Krist, Miloš; Grim, Tomáš (2010), Data from: Are blue eggs a sexually selected signal of female collared flycatchers? A cross-fostering experiment, Dryad, Dataset, https://doi.org/10.5061/dryad.2016

Abstract

Impressive variation in egg colouration among birds has puzzled evolutionary biologists for a long time. The most frequently studied selective forces moulding egg colouration – predation and brood parasitism – have either received little empirical support or may play a role in only a minority of species. A novel hypothesis has suggested that egg colour may be significantly influenced by sexual selection. Females may deposit a blue-green pigment biliverdin into eggshells instead of using it for themselves as a powerful antioxidant. By this handicap females may signal their quality to males which are then hypothesized to increase their paternal effort.

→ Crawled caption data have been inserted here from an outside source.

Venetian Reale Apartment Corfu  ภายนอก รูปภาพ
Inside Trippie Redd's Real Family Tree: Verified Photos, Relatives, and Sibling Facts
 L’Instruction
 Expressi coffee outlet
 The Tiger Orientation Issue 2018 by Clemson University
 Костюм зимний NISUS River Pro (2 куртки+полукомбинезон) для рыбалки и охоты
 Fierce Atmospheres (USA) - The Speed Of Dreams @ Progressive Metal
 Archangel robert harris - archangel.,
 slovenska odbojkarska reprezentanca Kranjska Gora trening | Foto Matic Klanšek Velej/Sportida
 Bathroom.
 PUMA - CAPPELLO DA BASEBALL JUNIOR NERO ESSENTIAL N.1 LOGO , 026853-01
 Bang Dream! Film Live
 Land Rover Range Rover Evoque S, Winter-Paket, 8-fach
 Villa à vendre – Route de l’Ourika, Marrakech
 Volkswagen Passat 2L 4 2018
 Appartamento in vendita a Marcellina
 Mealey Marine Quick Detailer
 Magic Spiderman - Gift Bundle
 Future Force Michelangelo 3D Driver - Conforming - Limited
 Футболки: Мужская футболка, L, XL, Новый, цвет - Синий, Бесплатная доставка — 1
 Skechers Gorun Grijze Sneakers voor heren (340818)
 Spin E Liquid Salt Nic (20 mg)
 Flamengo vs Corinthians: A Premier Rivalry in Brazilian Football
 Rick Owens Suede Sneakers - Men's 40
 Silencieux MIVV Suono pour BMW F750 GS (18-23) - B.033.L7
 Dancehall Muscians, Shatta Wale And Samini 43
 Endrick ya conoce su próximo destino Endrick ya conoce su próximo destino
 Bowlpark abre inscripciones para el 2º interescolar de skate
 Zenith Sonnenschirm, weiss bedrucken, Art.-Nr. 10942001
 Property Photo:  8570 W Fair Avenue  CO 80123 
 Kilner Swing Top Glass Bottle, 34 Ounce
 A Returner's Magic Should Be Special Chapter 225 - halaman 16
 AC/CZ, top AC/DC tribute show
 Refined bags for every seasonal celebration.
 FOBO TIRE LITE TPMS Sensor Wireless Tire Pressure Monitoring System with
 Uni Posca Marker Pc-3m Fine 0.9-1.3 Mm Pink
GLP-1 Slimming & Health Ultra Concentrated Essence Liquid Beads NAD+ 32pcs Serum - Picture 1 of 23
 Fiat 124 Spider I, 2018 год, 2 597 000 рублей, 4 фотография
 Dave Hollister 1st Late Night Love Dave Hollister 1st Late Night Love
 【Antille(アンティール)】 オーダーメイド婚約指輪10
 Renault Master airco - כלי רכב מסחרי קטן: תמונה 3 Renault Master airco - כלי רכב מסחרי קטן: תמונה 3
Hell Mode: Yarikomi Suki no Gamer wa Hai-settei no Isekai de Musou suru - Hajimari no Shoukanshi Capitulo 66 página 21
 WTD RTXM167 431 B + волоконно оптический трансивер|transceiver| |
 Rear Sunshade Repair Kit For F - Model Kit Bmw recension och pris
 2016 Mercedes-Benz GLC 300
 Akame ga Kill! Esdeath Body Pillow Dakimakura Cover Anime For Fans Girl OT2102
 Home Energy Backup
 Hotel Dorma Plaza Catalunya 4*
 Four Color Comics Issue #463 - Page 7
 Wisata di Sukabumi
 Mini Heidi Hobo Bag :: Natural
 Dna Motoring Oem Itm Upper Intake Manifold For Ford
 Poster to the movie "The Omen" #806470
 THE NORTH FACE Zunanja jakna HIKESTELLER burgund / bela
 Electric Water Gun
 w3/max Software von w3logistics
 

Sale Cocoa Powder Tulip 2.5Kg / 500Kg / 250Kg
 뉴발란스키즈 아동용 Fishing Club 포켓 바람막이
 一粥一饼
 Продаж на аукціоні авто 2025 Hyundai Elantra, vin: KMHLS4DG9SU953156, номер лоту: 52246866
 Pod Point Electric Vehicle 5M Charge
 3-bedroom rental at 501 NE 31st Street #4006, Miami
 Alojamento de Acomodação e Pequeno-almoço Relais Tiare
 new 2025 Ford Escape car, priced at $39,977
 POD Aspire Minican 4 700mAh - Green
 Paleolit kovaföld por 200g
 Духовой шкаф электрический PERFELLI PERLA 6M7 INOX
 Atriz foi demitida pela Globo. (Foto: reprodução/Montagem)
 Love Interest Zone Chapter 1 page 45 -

We experimentally tested the hypothesis in the collared flycatcher (Ficedula albicollis), a species laying blue-green eggs. We cross-fostered clutches between nests to disentangle effects of female/territory quality and egg colour on paternal effort and nestling quality. The results supported two assumptions of sexual signalling through egg colour hypothesis: blue pigment seems to be a limited resource for females and female quality is positively correlated with intensity of blue-green colour. However, we did not find support for the main prediction of the hypothesis as male parental effort parameters (feeding frequencies to nestlings and intensity of nest defence) were unrelated to egg colour. We discuss possible reasons for the discrepancy between our results and previous correlative analyses that supported the hypothesis that blue egg colour may be a postmating sexually selected signal in females.